# Linear Algebra Review

In this section, I will add problems reviewing linear algebra concepts that are helpful to know in statistics.

# Notation

A scalar is a real number in $\mathbb {R}$. A vector is a list or array of real numbers in $\mathbb{R}^{d}$ where $d$ is the length of the list/array. A matrix is a 2-dimensional array of numbers. We will denote scalars with lowercase unbolded numbers ($c$), vectors with lowercase bolded letters ($\pmb{v}$), and matrices with uppercase unbolded letters ($X$).

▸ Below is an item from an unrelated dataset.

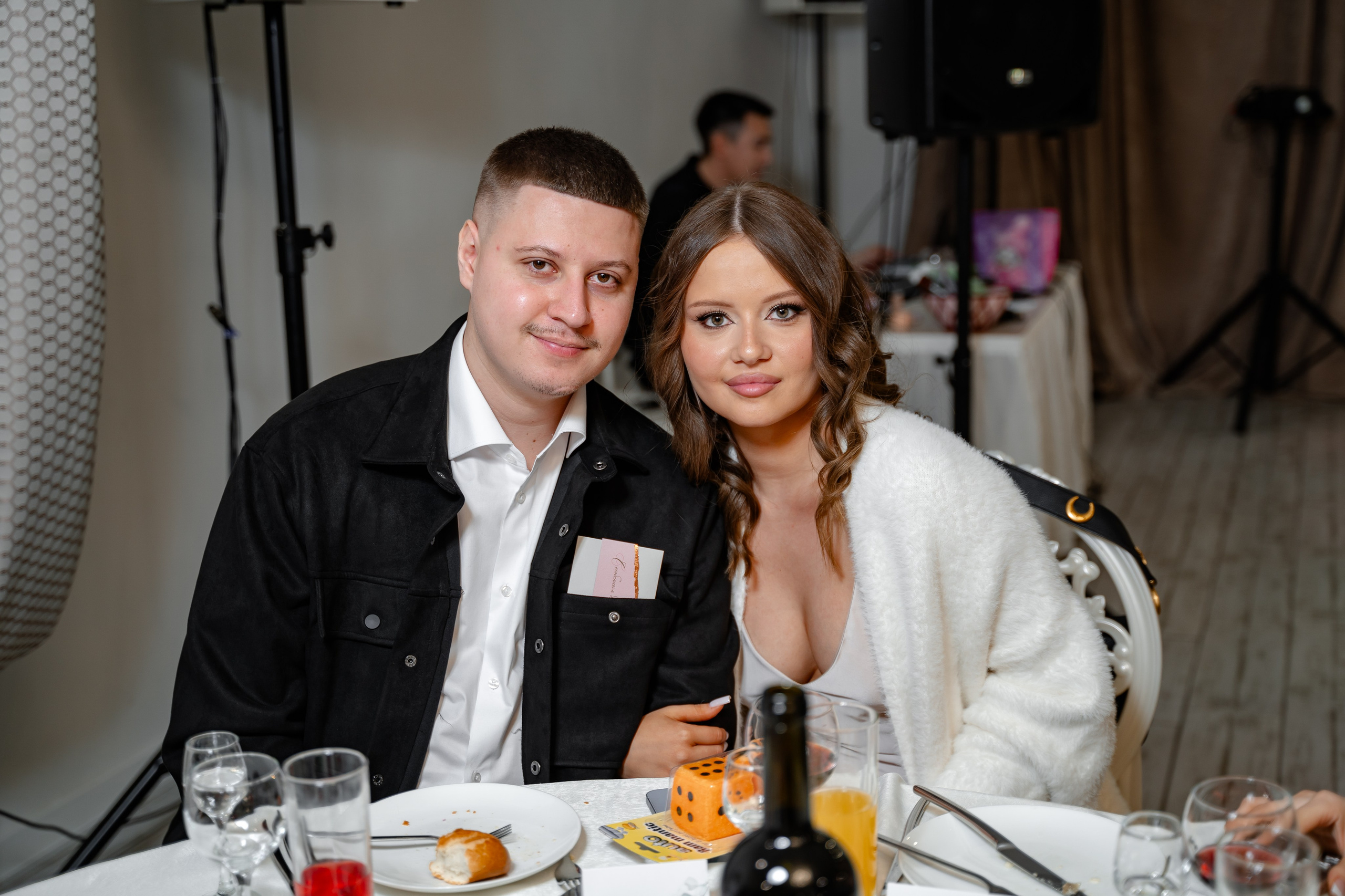 Эдуард Карина. Свадебный и репортажный фотограф в Уфе и по России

## Basic Operations for Vectors

Let $\pmb {v}$ be a $d$-dimensional vector ($\pmb {v} \in {\mathbb R}^{d}$). Denote the entries of the vector to be: 
$\pmb{v} = \begin{pmatrix} v_{1} \\ \vdots \\ v_{d} \end{pmatrix}$

### Addition

Let $\pmb{v} \in \mathbb{R}^{d}$ and $\pmb{w} \in \mathbb{R}^{d}$. $(\pmb{v} + \pmb{w})_{i} = \pmb{v}_{i} + \pmb{w}_{i}$, where $\pmb{v}+\pmb{w} \in \mathbb{R}^{d}$. More explicitly, we have

$$\pmb{v} + \pmb{w} = \begin{pmatrix} v_{1} \\ \vdots \\ v_{d} \end{pmatrix} + \begin{pmatrix} w_{1} \\ \vdots \\ w_{d} \end{pmatrix} = \begin{pmatrix} v_{1} + w_{1} \\ \vdots \\ v_{d} + w_{d} \end{pmatrix}$$


### Scalar multiplication

When we multiply a scalar $c$ to $\pmb v$, we have that $c\pmb{v}$ is also a real vector whose entries are $(c\pmb{v})_{i} = c\pmb{v}_{i}$ for $i \in [1,{d}]$.

### Transpose

The transpose of $\pmb{v}$ is $\pmb{v}' =  \begin{pmatrix} v_{1} & ... & v_{d} \end{pmatrix}$.

### Multiplication of two vectors

Inner product: Let $\pmb{v} \in \mathbb{R}^{d}$ and $\pmb{w} \in \mathbb{R}^{d}$. Then $\pmb{v} \cdot \pmb{w} = \pmb{v}'\pmb{w} = \sum_{i=1}^{d} v_{i}w_{i}$. The result of an inner product between two vectors results in a scalar, and the dimensions of the two vectors must be equal.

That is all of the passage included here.